Outro cliente de Gonçalves, André Villas-Boas, que já passou pelo Chelsea e se encontra agora no Olympique de Marselha, chegou a viajar pelo Brasil e negociar com o São Paulo, mas as conversas nunca se concretizaram.

Portugueses deveriam ocupar vaga de estrangeiro?

Alex Telles no Porto - Divulgação - Divulgação
Alex Telles é um dos jogadores brasileiros de destaque na liga portuguesa
Imagem: Divulgação

Em duelo recente da Liga Portuguesa, Gil Vicente e Boavista se enfrentaram em Barcelos, no norte do país. Recém-promovido, o Gil Vicente tinha oito brasileiros entre seus titulares. O Boavista, por sua vez, contava com sete atletas na escalação. Ou seja, dos 22 nomes que começaram a partida, 15 eram nascidos do Brasil, entre eles, o goleiro Denis, ex-São Paulo, o lateral direito Fabiano, ex-Palmeiras, e outros menos famosos.

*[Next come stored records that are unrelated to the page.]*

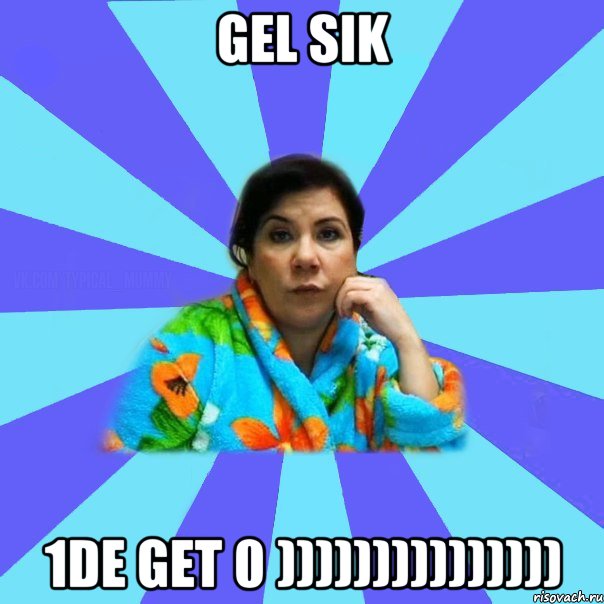 gel sik 1de get 0 ))))))))))))))), Мем типичная мама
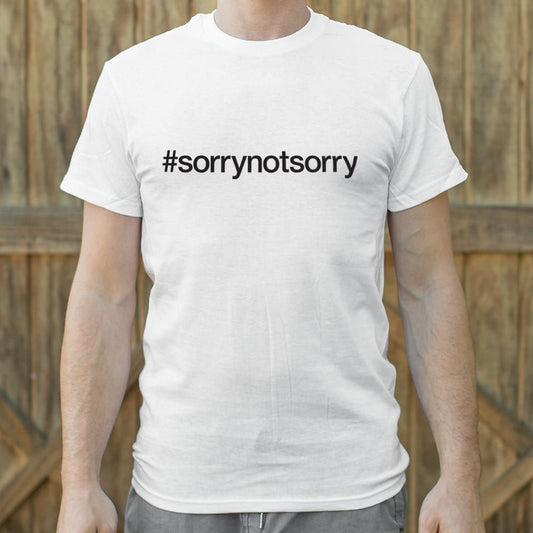 Sorry Not Sorry - 6DollarShirts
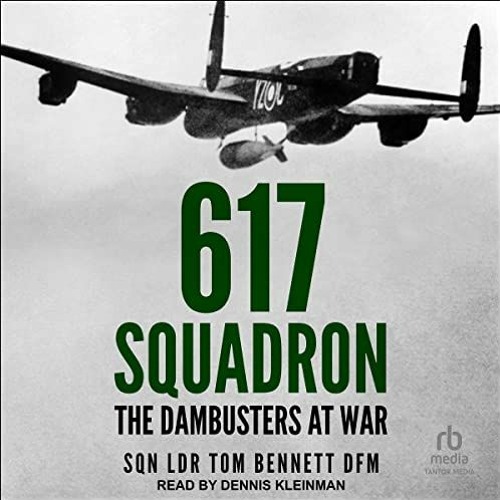 ACCESS PDF 💔 617 Squadron: The Dambusters at War by  Tom Bennett,Dennis Kleinman,Tan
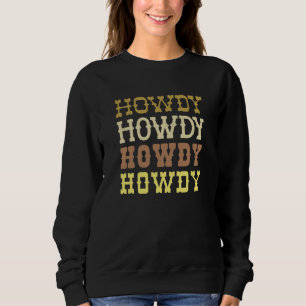 Howdy Sweatshirt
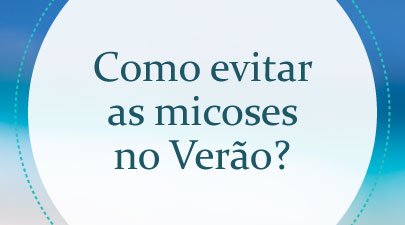 Como evitar as micoses de Verão?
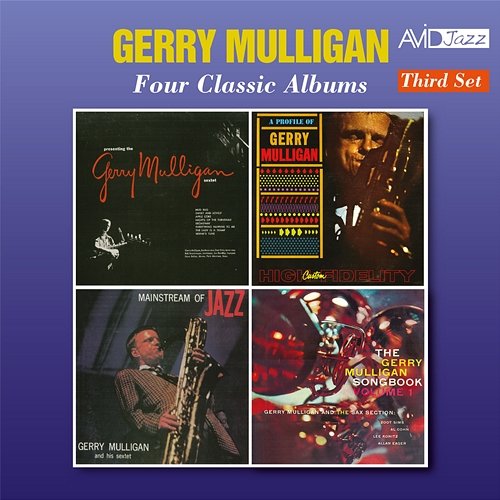 Four Classic Albums (Presenting the Gerry Mulligan Sextet / a Profile of Gerry Mulligan / Mainstream of Jazz / The Gerry Mulligan Songbook) (Digitally Remastered) Gerry Mulligan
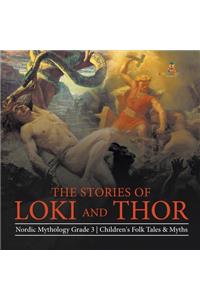 The Stories of Loki and Thor Nordic Mythology Grade 3 Children's Folk Tales & Myths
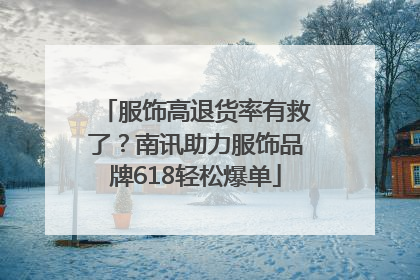 服饰高退货率有救了？南讯助力服饰品牌618轻松爆单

Isso acontece porque, a exemplo de outras nacionalidades, brasileiros não ocupam vaga de estrangeiros em Portugal. Até em função da ligação histórica entre os países, o desejo local é que o impacto causado por Jorge Jesus pudesse resultar em mais espaço para os portugueses também. Ou mesmo o fim do limite para lusitanos na Série A.

"O injusto nessa falta de reciprocidade é que o atleta brasileiro não conta como estrangeiro em Portugal, não existe limite, enquanto o português conta. Não digo que, por isso, levaríamos mais ou menos porque, no fim das contas, depende das estruturas, dos treinadores, se acham que o jogador português se adapta ou não ao mercado. Mas criar essa resistência, eu acho que é injusto", afirma Vítor Gonçalves.

"Esse assunto já foi falado por diversas vezes entre os empresários porque é uma limitação para a gente. Quando olhamos para o perfil do jogador, nunca trabalhamos o mercado Brasil. Trabalhamos Estados Unidos. E o Brasil, que está ali ao lado, com todo potencial que tem, clubes que tem, é um mercado apenas exportador. Não entendo o porquê. É importador apenas de jogadores da América do Sul", acrescenta.

O técnico português Sérgio Vieira passou três anos no Brasil em clubes como Athletico, América-MG e Ferroviária, entre outros. Ele vê dois cenários distintos.

"Para o treinador português, eu vejo possibilidade de mais abertura, desde que, claro, houvesse um contexto para que existisse a adaptação. Agora para os jogadores, eu enxergo um pouco mais difícil essa entrada porque o mercado brasileiro é muito grande, tem muitos jogadores, muita qualidade, então, não teria, em tese, a necessidade de buscar atleta em Portugal", afirma Vieira, atualmente no comando do Farense, ao UOL Esporte.

"Em Portugal, sim, temos essa demanda para trazer atletas de fora simplesmente porque precisamos para completar nossos elencos. Não é um luxo ou qualquer coisa do tipo", conclui.

Esse debate já acontece há anos nos bastidores do futebol local, mas só está ganhando os microfones por um motivo: o sucesso de Jorge Jesus no Flamengo. Resta ver se ele será capaz de provocar alguma mudança mais profunda na relação entre Brasil e Portugal.